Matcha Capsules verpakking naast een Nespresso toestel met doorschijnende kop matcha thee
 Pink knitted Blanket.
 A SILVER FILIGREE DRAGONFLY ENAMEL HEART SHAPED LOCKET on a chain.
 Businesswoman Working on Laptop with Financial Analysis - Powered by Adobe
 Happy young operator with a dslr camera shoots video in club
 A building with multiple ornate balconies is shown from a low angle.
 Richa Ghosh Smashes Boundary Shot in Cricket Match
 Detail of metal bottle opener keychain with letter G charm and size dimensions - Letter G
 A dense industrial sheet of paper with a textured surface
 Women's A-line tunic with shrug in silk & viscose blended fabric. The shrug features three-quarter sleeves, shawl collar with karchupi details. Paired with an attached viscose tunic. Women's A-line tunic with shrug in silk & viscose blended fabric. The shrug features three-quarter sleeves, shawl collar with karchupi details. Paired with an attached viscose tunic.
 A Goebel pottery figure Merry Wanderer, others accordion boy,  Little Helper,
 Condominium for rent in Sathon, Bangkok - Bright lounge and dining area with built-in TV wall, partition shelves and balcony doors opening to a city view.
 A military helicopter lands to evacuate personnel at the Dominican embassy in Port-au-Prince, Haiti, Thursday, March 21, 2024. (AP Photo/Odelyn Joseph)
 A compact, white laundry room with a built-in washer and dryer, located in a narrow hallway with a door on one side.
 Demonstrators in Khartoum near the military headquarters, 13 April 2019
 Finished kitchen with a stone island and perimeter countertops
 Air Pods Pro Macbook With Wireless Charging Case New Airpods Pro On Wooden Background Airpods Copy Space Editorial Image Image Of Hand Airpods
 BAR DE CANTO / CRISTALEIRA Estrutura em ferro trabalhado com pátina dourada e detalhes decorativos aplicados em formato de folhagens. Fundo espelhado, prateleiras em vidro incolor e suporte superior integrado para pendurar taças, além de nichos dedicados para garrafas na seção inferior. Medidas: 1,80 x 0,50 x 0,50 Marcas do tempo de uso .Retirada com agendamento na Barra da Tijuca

EXERCISE BRIEF ->
Copy out only the lines above from the one with "Happy young operator" to the one with "viscose tunic. Women's", inclusive, exactly as they stand.

EXERCISE SOLUTION ->
 Happy young operator with a dslr camera shoots video in club
 A building with multiple ornate balconies is shown from a low angle.
 Richa Ghosh Smashes Boundary Shot in Cricket Match
 Detail of metal bottle opener keychain with letter G charm and size dimensions - Letter G
 A dense industrial sheet of paper with a textured surface
 Women's A-line tunic with shrug in silk & viscose blended fabric. The shrug features three-quarter sleeves, shawl collar with karchupi details. Paired with an attached viscose tunic. Women's A-line tunic with shrug in silk & viscose blended fabric. The shrug features three-quarter sleeves, shawl collar with karchupi details. Paired with an attached viscose tunic.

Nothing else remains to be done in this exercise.